Retype the listing exactly, with no images.
START Data extract
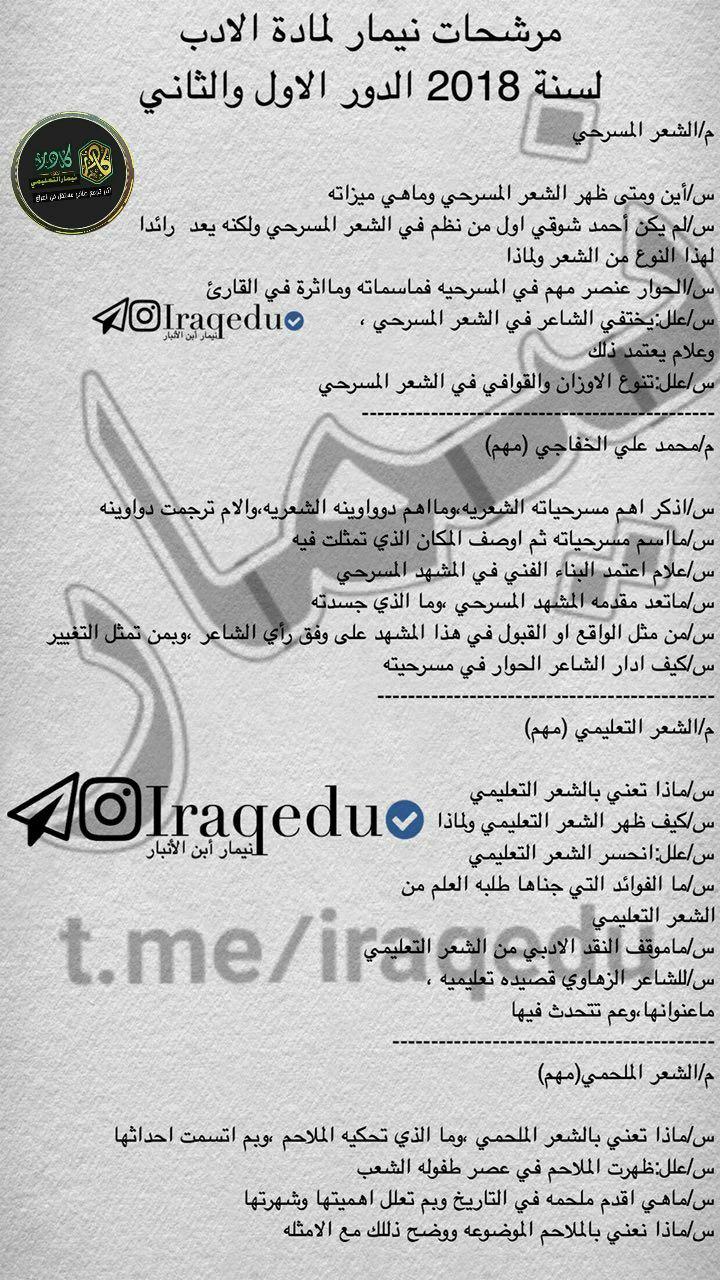 مرشحات الادب والنصوص السادس العلمي 2018 مرشحات الادب والنصوص السادس العلمي 2018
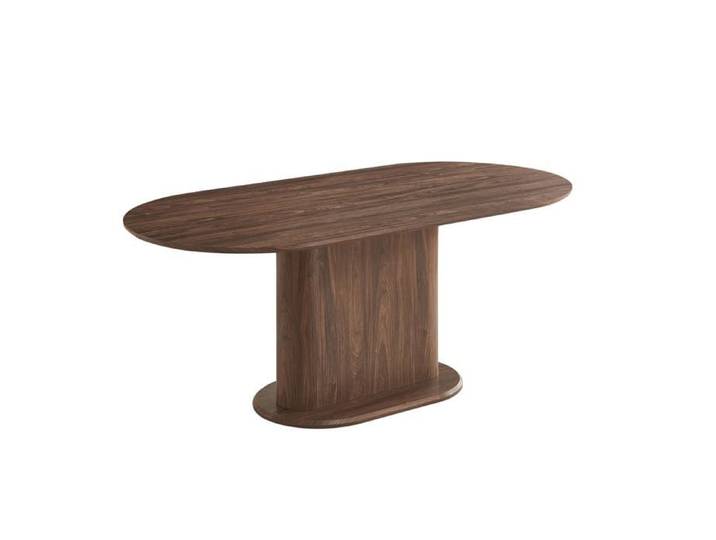 Table à manger Ovale MDF effet noyer 180x90x75 cm LOKA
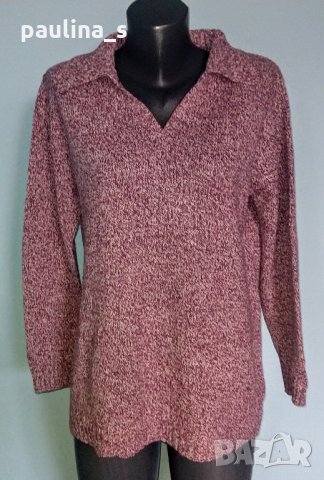 Меланжен памучен пуловер "Outfit"® / хипоалергичен, снимка 2 - Блузи с дълъг ръкав и пуловери - 26696850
END Data extract
◆ Answer area
 مرشحات الادب والنصوص السادس العلمي 2018 مرشحات الادب والنصوص السادس العلمي 2018
 Table à manger Ovale MDF effet noyer 180x90x75 cm LOKA
 Меланжен памучен пуловер "Outfit"® / хипоалергичен, снимка 2 - Блузи с дълъг ръкав и пуловери - 26696850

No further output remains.